- DATA -
• • • •
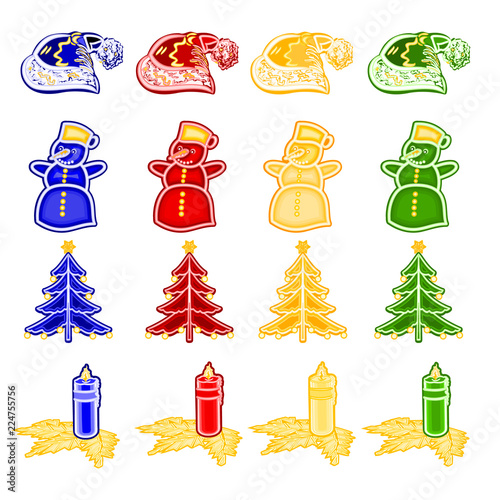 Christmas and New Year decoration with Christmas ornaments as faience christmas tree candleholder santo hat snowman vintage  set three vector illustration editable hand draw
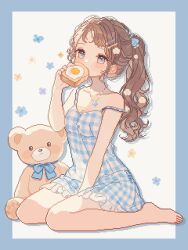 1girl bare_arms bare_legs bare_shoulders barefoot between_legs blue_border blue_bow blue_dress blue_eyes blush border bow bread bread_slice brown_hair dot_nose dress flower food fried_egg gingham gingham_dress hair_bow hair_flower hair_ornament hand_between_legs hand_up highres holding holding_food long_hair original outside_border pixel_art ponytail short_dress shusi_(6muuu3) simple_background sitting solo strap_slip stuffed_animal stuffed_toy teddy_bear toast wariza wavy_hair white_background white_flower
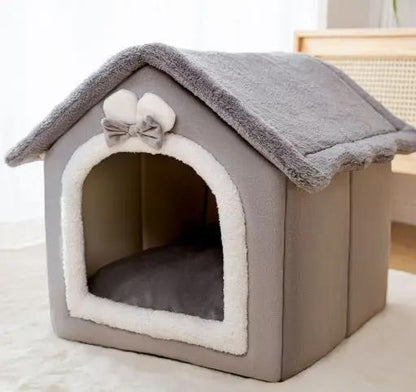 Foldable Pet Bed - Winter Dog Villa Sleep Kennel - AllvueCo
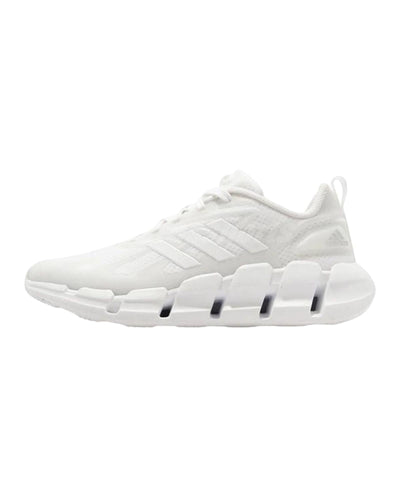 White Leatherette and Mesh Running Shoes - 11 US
• • • •
- WORK INSTRUCTION -
Repeat all the material above exactly, apart from the pictures.

- WORKED SOLUTION -
 Christmas and New Year decoration with Christmas ornaments as faience christmas tree candleholder santo hat snowman vintage  set three vector illustration editable hand draw
 1girl bare_arms bare_legs bare_shoulders barefoot between_legs blue_border blue_bow blue_dress blue_eyes blush border bow bread bread_slice brown_hair dot_nose dress flower food fried_egg gingham gingham_dress hair_bow hair_flower hair_ornament hand_between_legs hand_up highres holding holding_food long_hair original outside_border pixel_art ponytail short_dress shusi_(6muuu3) simple_background sitting solo strap_slip stuffed_animal stuffed_toy teddy_bear toast wariza wavy_hair white_background white_flower
 Foldable Pet Bed - Winter Dog Villa Sleep Kennel - AllvueCo
 White Leatherette and Mesh Running Shoes - 11 US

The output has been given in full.